195. LA CONSTRUCCIÓN DEL CASTILLO DE TRASMOZ
(SIGLO XI. BORJA/TRASMOZ)
Paseaba un día el walí moro de Borjapor sus territorios cuando llegó cerca de la pequeña aldea de Trasmoz. Admirado por el paisaje que se divisaba desde el montículo en el que estaba extasiado, con el Moncayo al fondo, exclamó ante quienes le acompañaban cuánto le gustaría tener una fortaleza allí.
Por casualidad, como suelen suceder estas cosas, pasaba cerca del walí y de los suyos en aquel momento un viejo hombre mal vestido y desaseado, con aspecto de vagabundo y tan extraño que casi rayaba en lo ridículo. Al oír las palabras del mandatario moro, el anciano, dirigiéndose a él, le dijo que sería capaz de construir un sólido e inexpugnable castillo en una sola noche si, a cambio de ello, el walí le nombraba alcaideperpetuo.
Tales palabras provocaron la risa de todos, que tomaron al vagabundo por loco. Incluso el walí, al que aquellas palabras le habían divertido y causado regocijo, le dio al buen hombre una moneda de plata y, por no desairarlo, le prometió la alcaldía en caso de que cumpliera su palabra.
Se despidió el viejo y siguió adelante, hasta llegar a la orilla de un riachuelo donde descansaban del trabajo de la jornada unos pastores. Entabló conversación con ellos y les propuso que fueran sus servidores y guardas en el castillo que pronto iba a construirse sobre el montículo cercano a Trasmoz. Los pastores, naturalmente, tomaron aquello a broma y sólo pudieron burlarse del anciano y de su locura.
Pero el extraño hombre no parecía inmutarse por tanta chanza y, erguido sobre una voluminosa roca, tomando un viejo libro en su mano derecha y una vela verde encendida en la izquierda, leyó una serie de conjuros ininteligibles y misteriosos: en ese preciso instante se desató una violentísima tormenta, con grandes truenos y rayos y un fortísimo huracán.
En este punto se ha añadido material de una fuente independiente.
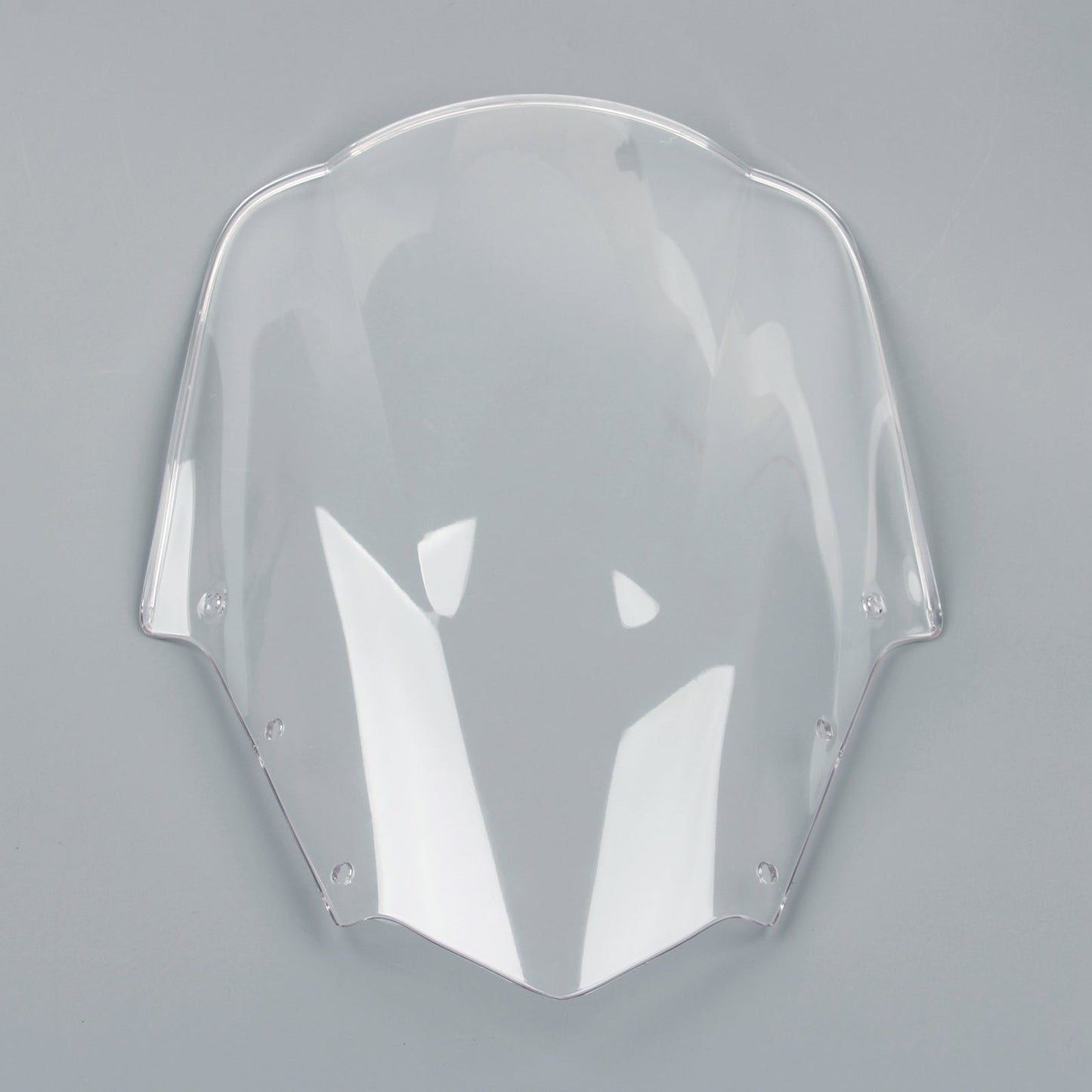 Pare-brise à double bulle pour Yamaha FZ1 FZ1S 2006-2011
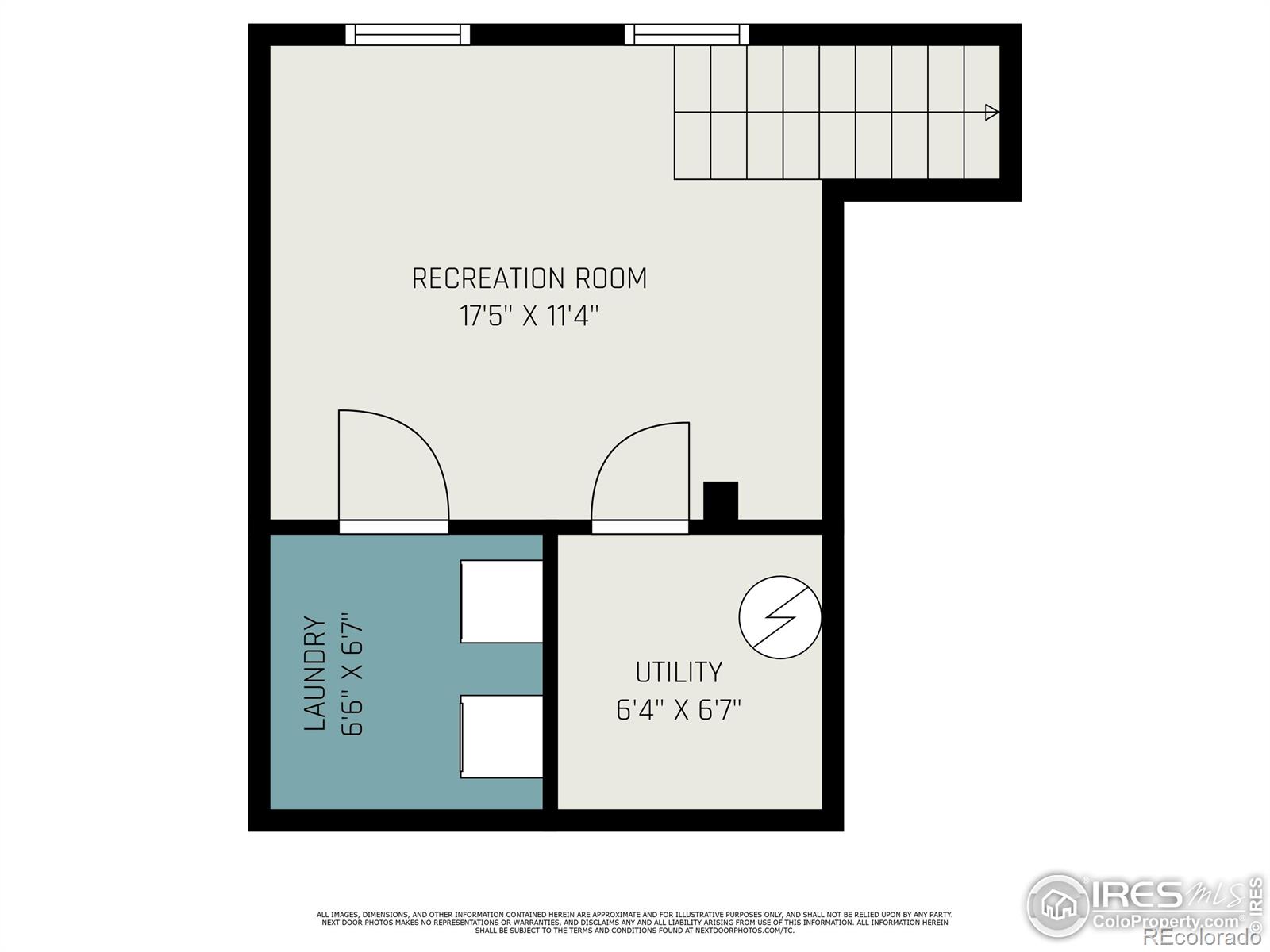 MLS Image #27 for 720  roosevelt avenue,loveland, Colorado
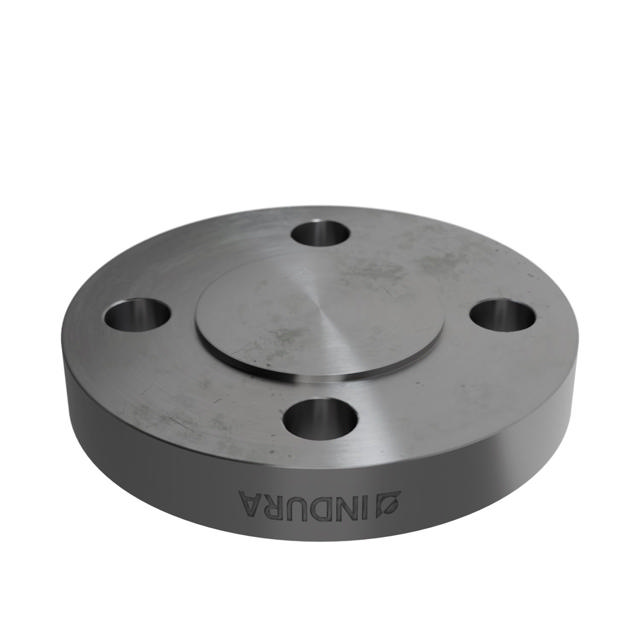 Flanges, Stal węglowa, EN 1092-1, Kołnierz zaślepiający, T:05, PN63-100, B2, DN25, P250GH, 1.0460,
Cuando terminó, la noche cubría ya los campos y el monte.
Al día siguiente, con la luz tenue del amanecer, los habitantes de la zona, entre ellos los pastores, pudieron observar una colosal fortaleza con cinco esbeltas torres que desafiaban al cielo. Ante la puerta, un hombrecillo de aspecto ridículo se declaraba su alcaide.